Which lines run from the one containing "Hotel Adria Nuova 3*" to the end of the entries? Quote them exactly, and nothing else.
DATA EXTRACT START
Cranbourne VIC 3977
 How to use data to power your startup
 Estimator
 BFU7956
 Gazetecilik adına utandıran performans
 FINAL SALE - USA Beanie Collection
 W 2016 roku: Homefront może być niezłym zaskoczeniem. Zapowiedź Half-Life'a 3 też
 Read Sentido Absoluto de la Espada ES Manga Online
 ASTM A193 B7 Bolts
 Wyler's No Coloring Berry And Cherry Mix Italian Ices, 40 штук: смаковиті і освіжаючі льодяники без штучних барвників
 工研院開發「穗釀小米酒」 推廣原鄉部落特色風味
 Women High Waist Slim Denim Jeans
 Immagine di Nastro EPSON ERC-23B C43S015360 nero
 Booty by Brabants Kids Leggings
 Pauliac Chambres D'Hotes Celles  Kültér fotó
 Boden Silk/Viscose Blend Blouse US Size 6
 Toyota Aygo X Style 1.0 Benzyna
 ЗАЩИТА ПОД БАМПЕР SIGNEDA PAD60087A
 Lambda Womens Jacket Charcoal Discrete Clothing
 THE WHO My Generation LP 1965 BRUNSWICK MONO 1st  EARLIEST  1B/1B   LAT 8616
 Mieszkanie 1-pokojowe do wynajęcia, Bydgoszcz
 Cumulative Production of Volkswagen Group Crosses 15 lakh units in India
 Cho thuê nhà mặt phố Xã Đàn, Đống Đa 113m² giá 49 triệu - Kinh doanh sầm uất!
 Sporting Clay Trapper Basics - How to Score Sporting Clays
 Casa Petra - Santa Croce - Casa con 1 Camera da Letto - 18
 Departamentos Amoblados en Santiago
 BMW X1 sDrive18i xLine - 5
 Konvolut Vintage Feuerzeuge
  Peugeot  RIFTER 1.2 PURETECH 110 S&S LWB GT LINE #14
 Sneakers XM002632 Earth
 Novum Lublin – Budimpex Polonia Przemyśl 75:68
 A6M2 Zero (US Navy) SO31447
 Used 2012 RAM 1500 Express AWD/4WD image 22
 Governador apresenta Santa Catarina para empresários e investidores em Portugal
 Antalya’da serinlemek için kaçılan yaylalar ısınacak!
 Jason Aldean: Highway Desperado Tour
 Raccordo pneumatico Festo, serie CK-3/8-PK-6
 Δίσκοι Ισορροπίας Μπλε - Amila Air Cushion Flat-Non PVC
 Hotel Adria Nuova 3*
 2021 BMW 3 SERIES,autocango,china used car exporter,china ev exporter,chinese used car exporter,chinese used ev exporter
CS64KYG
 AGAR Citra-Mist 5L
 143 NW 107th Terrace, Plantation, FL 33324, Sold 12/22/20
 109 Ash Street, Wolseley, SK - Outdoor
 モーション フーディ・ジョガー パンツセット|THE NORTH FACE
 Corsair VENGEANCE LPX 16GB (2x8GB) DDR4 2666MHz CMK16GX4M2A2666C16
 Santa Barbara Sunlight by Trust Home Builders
DATA EXTRACT END
* **ANSWER TO THIS TASK**
 Hotel Adria Nuova 3*
 2021 BMW 3 SERIES,autocango,china used car exporter,china ev exporter,chinese used car exporter,chinese used ev exporter
CS64KYG
 AGAR Citra-Mist 5L
 143 NW 107th Terrace, Plantation, FL 33324, Sold 12/22/20
 109 Ash Street, Wolseley, SK - Outdoor
 モーション フーディ・ジョガー パンツセット|THE NORTH FACE
 Corsair VENGEANCE LPX 16GB (2x8GB) DDR4 2666MHz CMK16GX4M2A2666C16
 Santa Barbara Sunlight by Trust Home Builders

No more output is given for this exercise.